Ainsi, les alleutiers, libres de la dépendance à un seigneur (l’alleu était une terre libre de toute redevance) étaient dépendants d’une communauté rurale paysanne (VIIIème s. jusque vers le XIème s. –premier moment–). Cependant la communauté n’est pas “celle des propriétaires, des gens ayant des alleux dans un certain terroir, (elle) est, d’abord, celle des familles: c’est parce qu’on faisait partie d’une famille et de la parentèle (constituées ainsi en tiers entre l’individu et le sol) qu’on a accès aux terres... On n’est pas membre d’une communauté parce que possesseur de moyens de production, mais au contraire, on est possesseur de moyens de production parce qu’on est membre de la communauté dans la mesure où l’on en dépend” (Johsua, 1989).
Plus tard, (après le XIème s. –deuxième moment–), les alleutiers, libres mais bien souvent insuffisamment nourris (le lopin qu’ils possédaient était, par surcroît, souvent pillé), étaient destinés à devenir des tenanciers “corvéables”, c’est-à-dire, à dépendre d’un seigneur auquel ils devaient des “corvées”.
Pour les alleutiers, le passage –c’est intéressant à remarquer– ne se fait donc pas de la liberté à la dépendance, mais des liens avec le communal aux liens de vassalité.
Ainsi, les liens de vassalité, surtout à partir du XIème s., donnent clairement à voir que ce n’est pas celui qui est sujet à un potens et en reçoit protection qui est misérable.

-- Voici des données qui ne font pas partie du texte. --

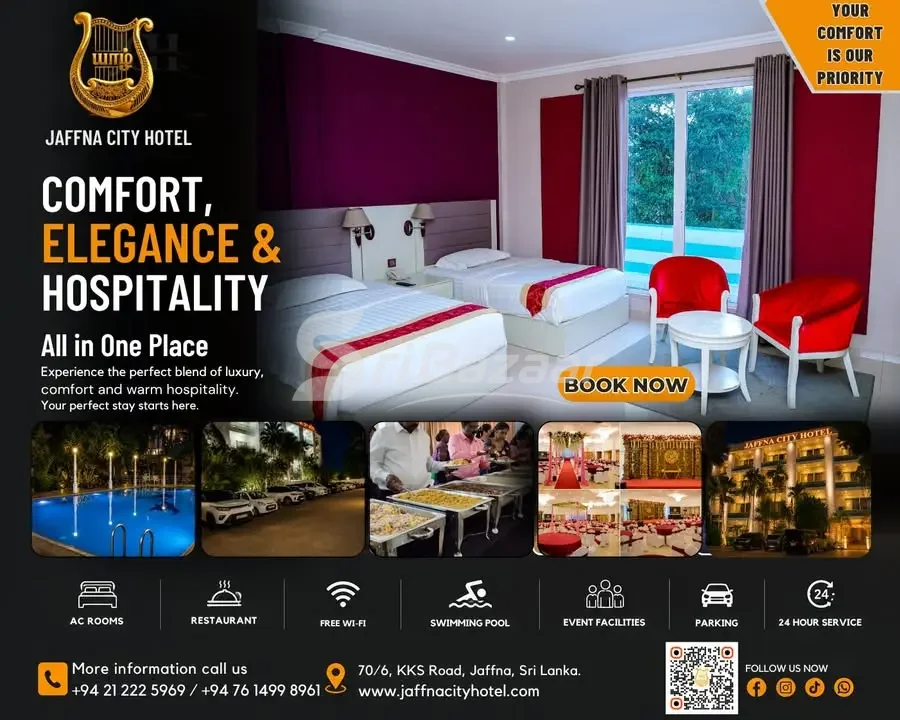 Jaffna City Hotel – Comfortable Stay, Restaurant & Hospitality
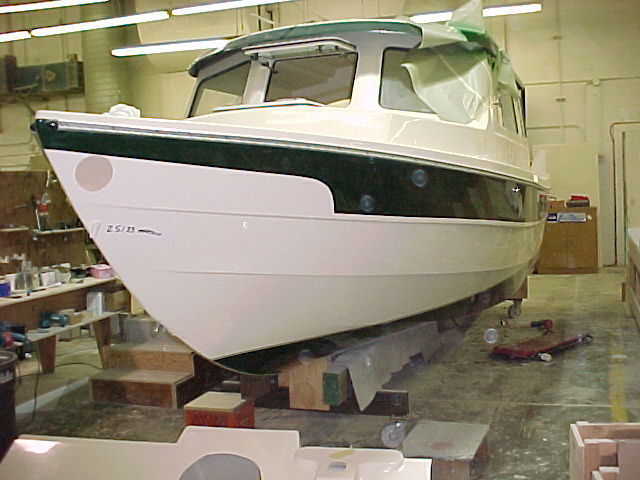 new boat at factory
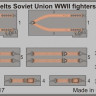 Eduard FE846 Seatbelts Soviet Union WW2 fighters STEEL 1/48 1/48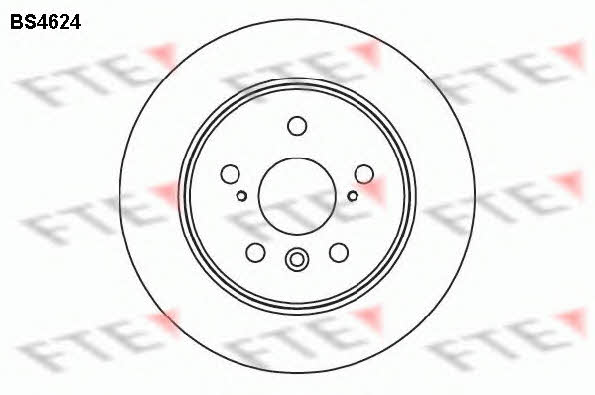 FTE BS4624 Rear brake disc, non-ventilated BS4624: Buy near me in Poland at 2407.PL - Good price!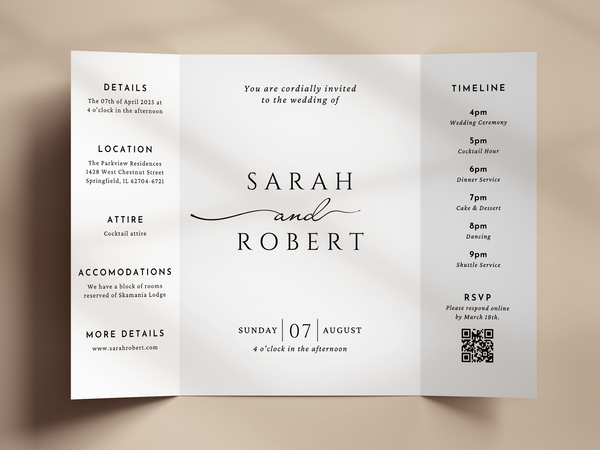 Classic Gatefold Wedding Invitation
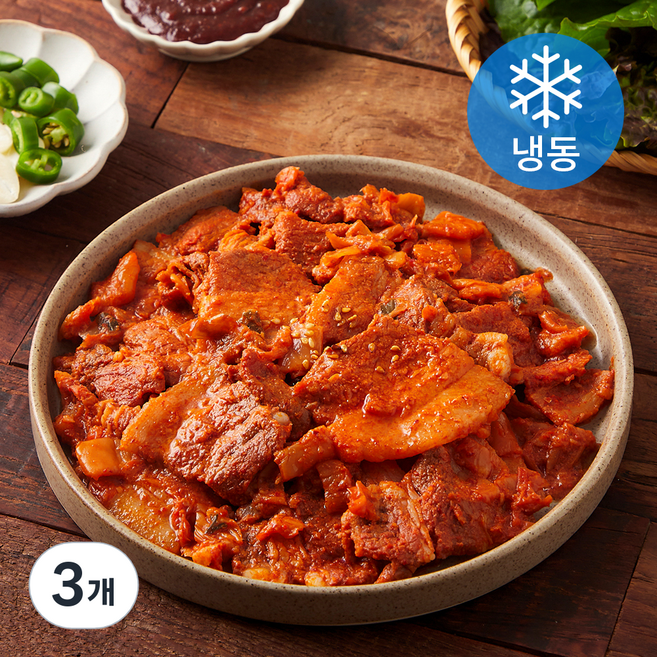 셰프초이스 김치 제육볶음 (냉동), 3개, 400g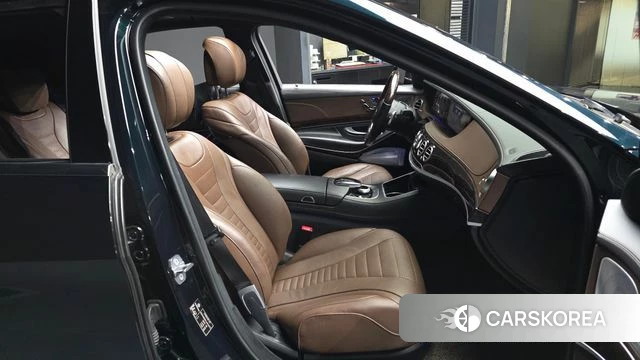 Mercedes-Benz S-Class W222 2020 Темно-зеленый из Кореи, фото 2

C’est, en revanche, on l’a vu, celui qui ne relève d’aucun lien, qui est isolé et appartient à la masse des misérables (Duby, 1973).
La dépendance garantissait, au contraire et la propriété et la liberté; on sait que l’on s’attaquait plus difficilement à un potens et à ceux qui en dépendaient, qu’à un homme “sans liens”.
C’est la dépendance sous forme de “casamento”, en France, ou de “colonat”, surtout en Angleterre, qui a permis, à terme, la séparation, je veux dire l’affranchissement de l’esclavage et du servage, cette “prestation gratuite d’un travail indéfini” (Duby, 1973), j’entends sans “délimitation” ou “séparation”, car –pour paradoxal que cela puisse paraître– la dépendance sépare: elle libère du rapport en termes de fusion entretenu par l’esclavage et le servage. Des lors que “les charges seront précisées, donc bornées” (Johsua, ib), l’arbitraire est évincé.
La dissolution de cette fusion, qu’est l’esclavage de même que le servage, concerne aussi le seigneur qui, à partir du VIIIème, IXème s., commence à se défaire des “servi”, –les “mancipia”–, préférant les émanciper, plutôt que les entretenir, non pas spécialement à cause des vieillards que l’âge rendait incapables (car on n’avait pas souvent la possibilité de vieillir d’une part, et que, d’autre part, on pouvait facilement abandonner les vieux sur les routes, au sens propre du terme), mais bien plutôt à cause des enfants (la descendance devait être très nombreuse, et donc chère à entretenir, dès lors que le seigneur voulait se constituer une vassalité importante).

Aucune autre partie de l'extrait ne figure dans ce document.